-- EXERCISE MATERIALS follows --
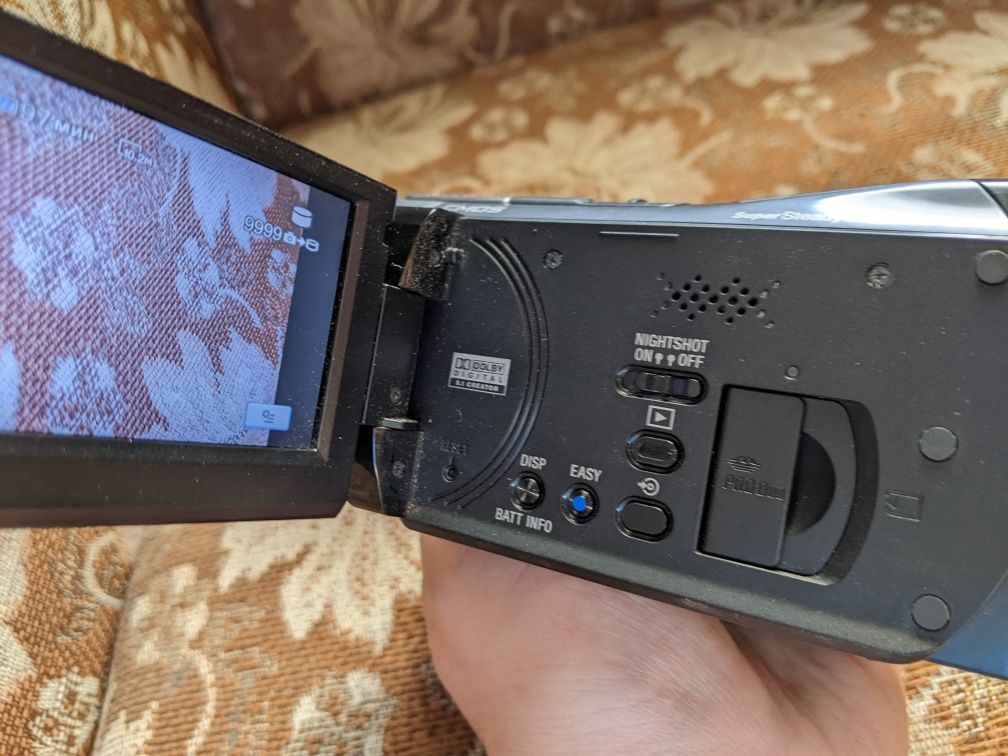 Продам ручную камеру, Sony HDR-SR11E/SR12E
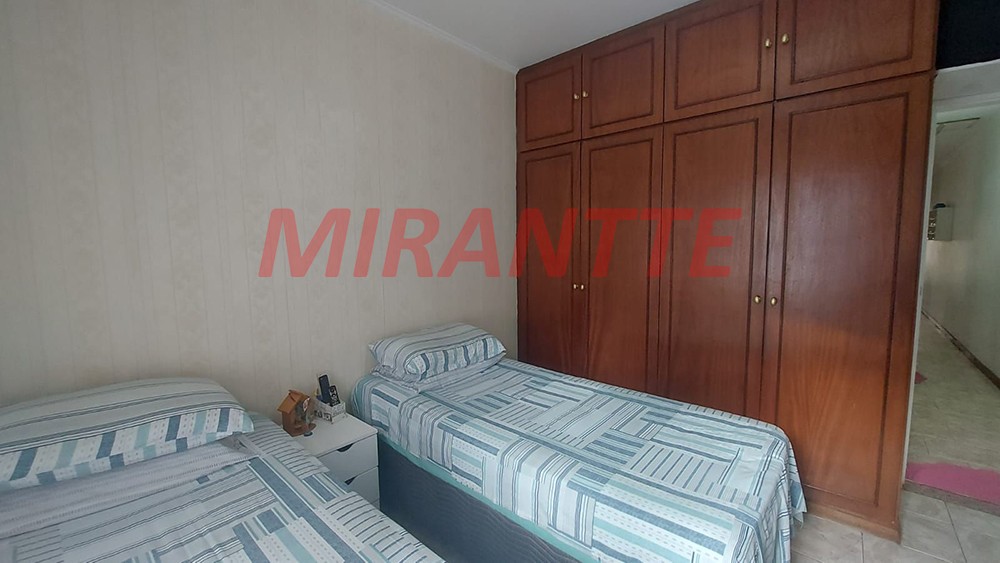 Sobrado de 140m² com 3 quartos em Vila Nivi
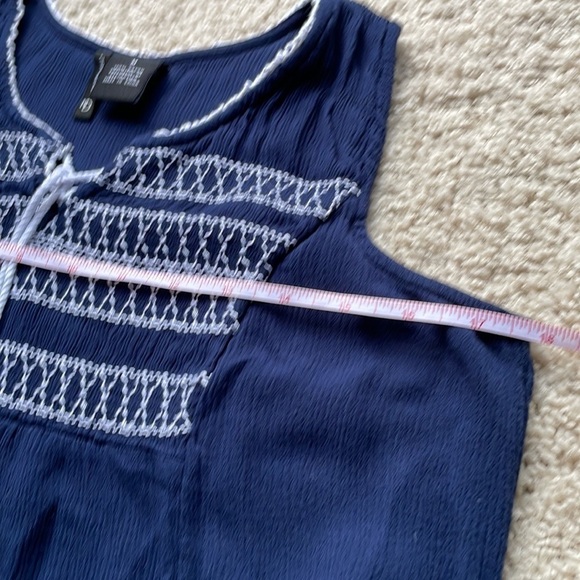 New Directions M navy blue and white sleeveless top - Picture 6 of 6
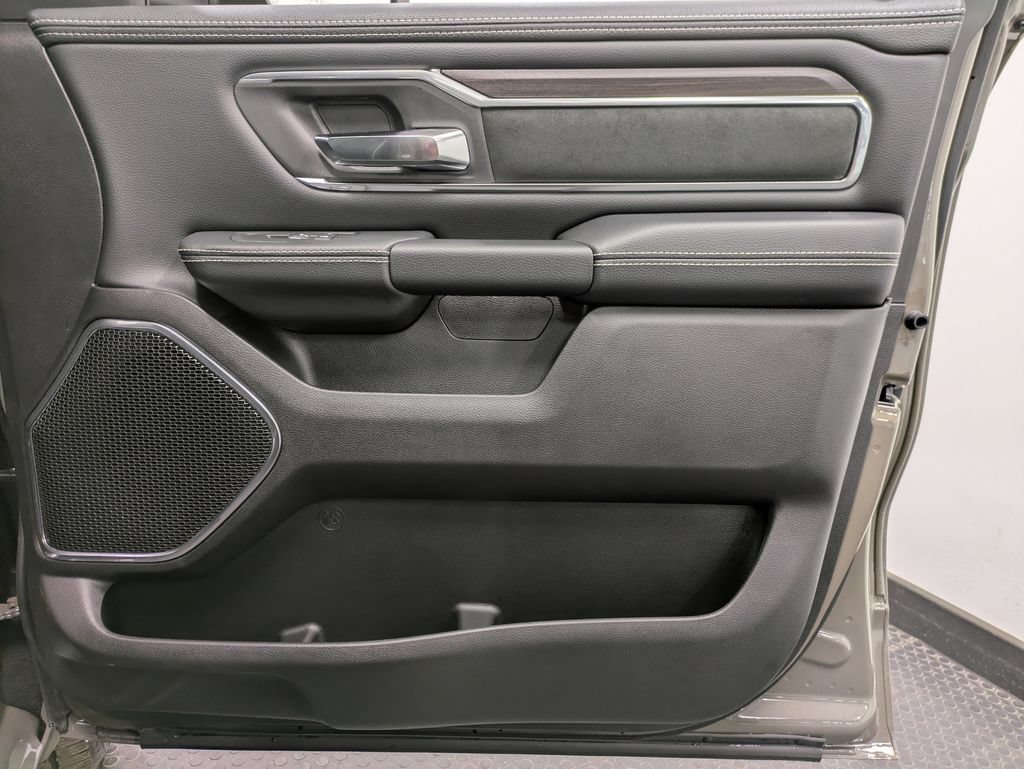 Used 2026 RAM 1500 Laramie AWD/4WD image 29
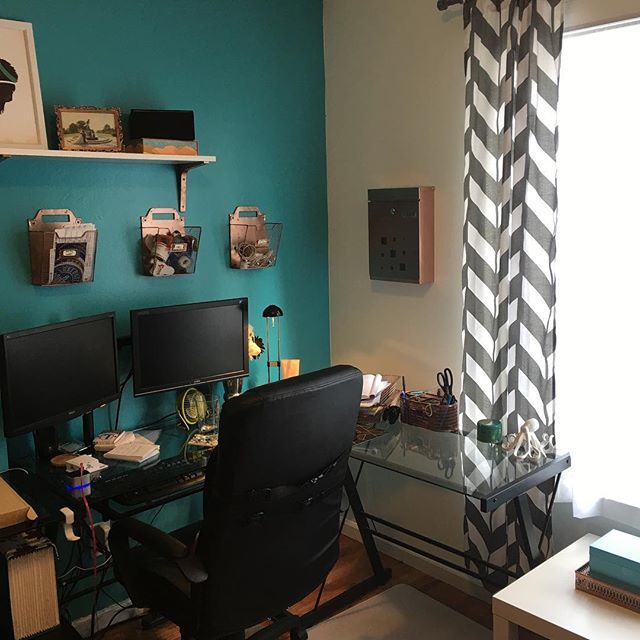 TheWeddingCat's tweet photo. Does looking at social media ever just... give you heartburn? The real life situation is that this photo of my office doesn’t show the truth. It’s a hot mess now. I’m not sure it will ever look this nice again. But a girl can dream. ✨ We have to stop… https://t.co/eMDAwMjIVi https://t.co/uQYGtvFgbV
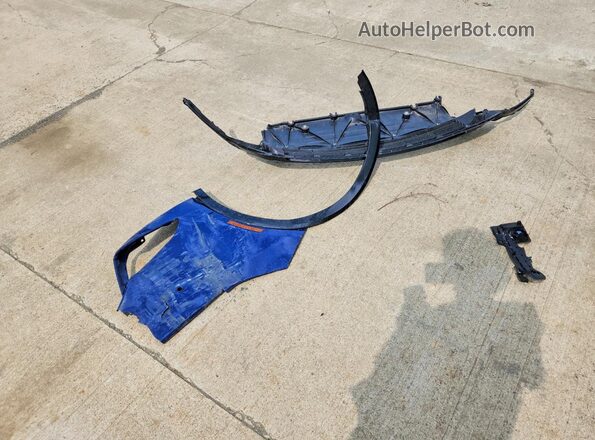 JTDACACU4R3017475 2024 TOYOTA PRIUS Blue Vista del compartimento del motor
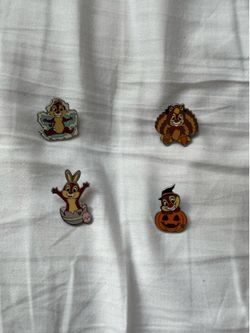 DISNEYLAND 2026 Hidden Mickey Mystery Pin WAVE A Set: Holiday - Dale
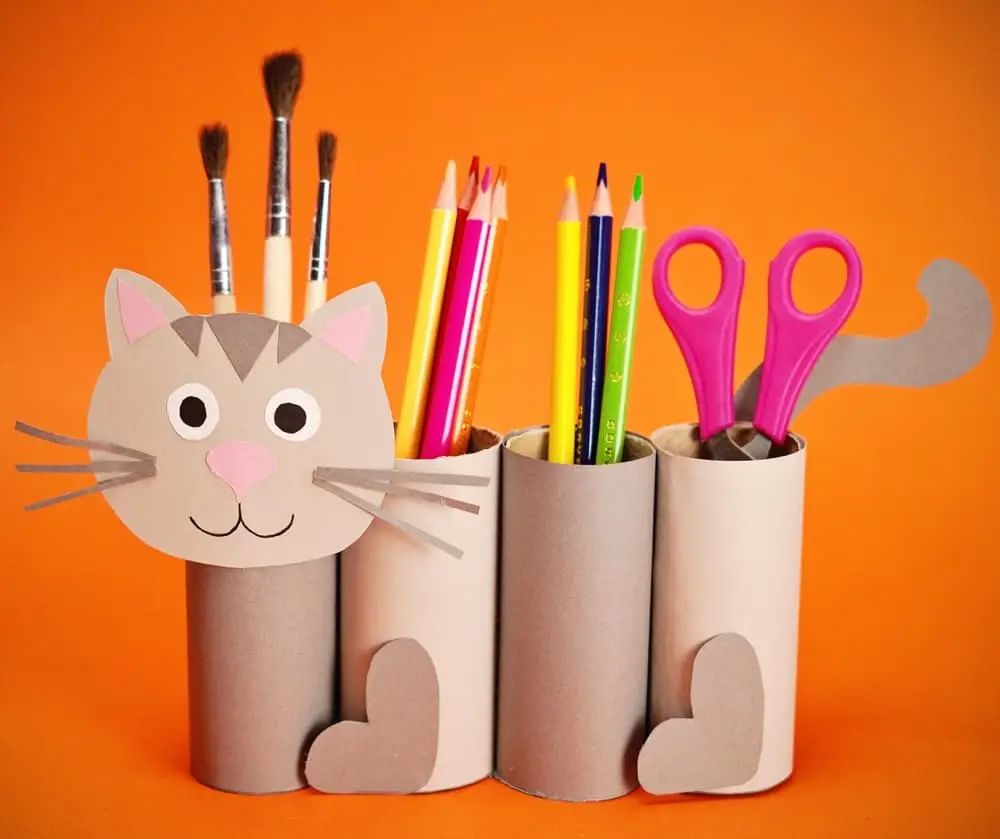 Cat Craft and Activities easy crafts for kids in a fun way for those that have a love of little cats some even black cat crafts 32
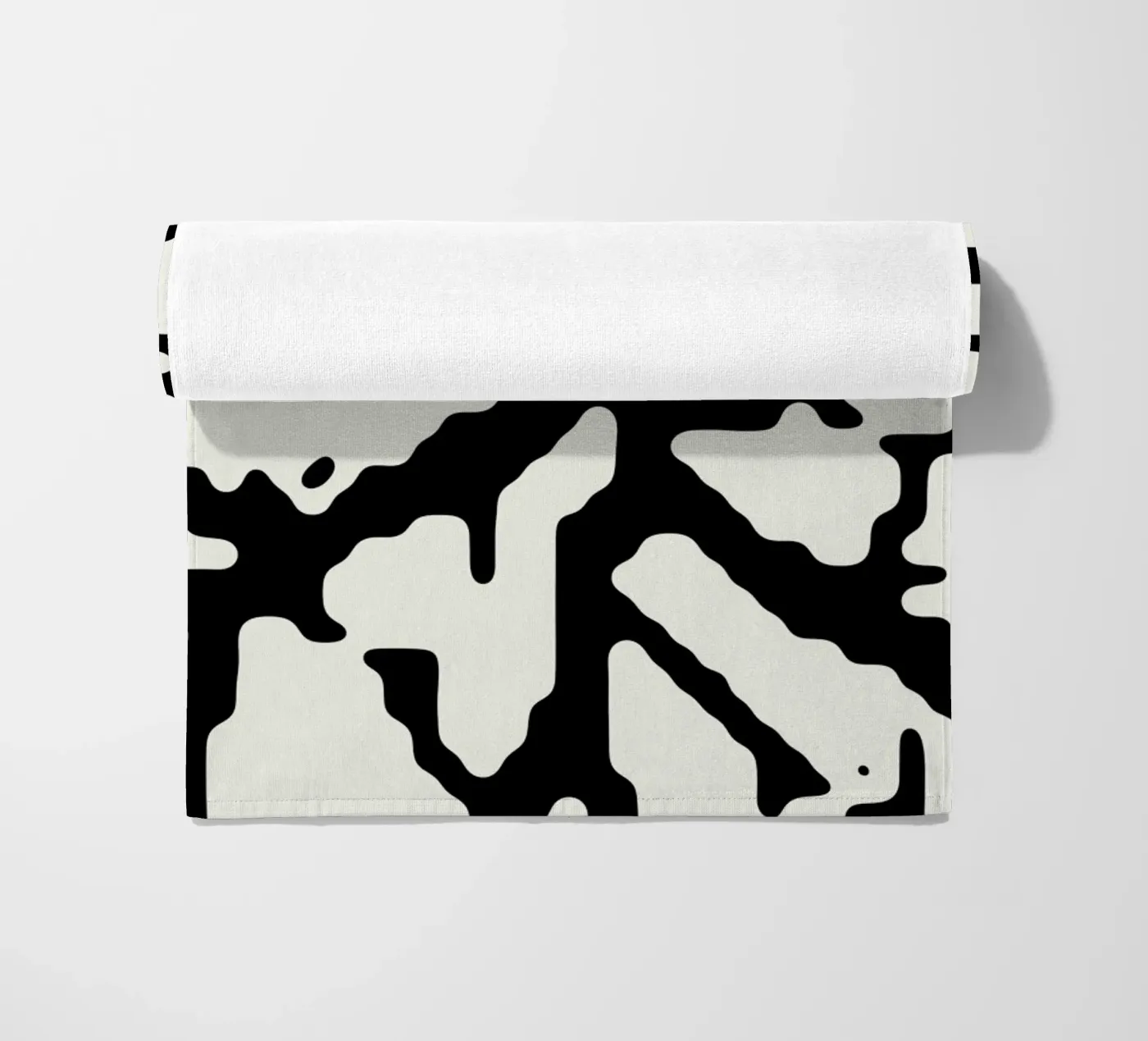 Qt Code Strandtuch von Jack Webster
-- EXERCISE MATERIALS concluded --
• _ASSIGNED TASK_
Your reply should hold only the lines from the one that contains "Cat Craft and" through the last line of the records above, exact and complete, and no pictures.

• _YOUR SOLUTION_
 Cat Craft and Activities easy crafts for kids in a fun way for those that have a love of little cats some even black cat crafts 32
 Qt Code Strandtuch von Jack Webster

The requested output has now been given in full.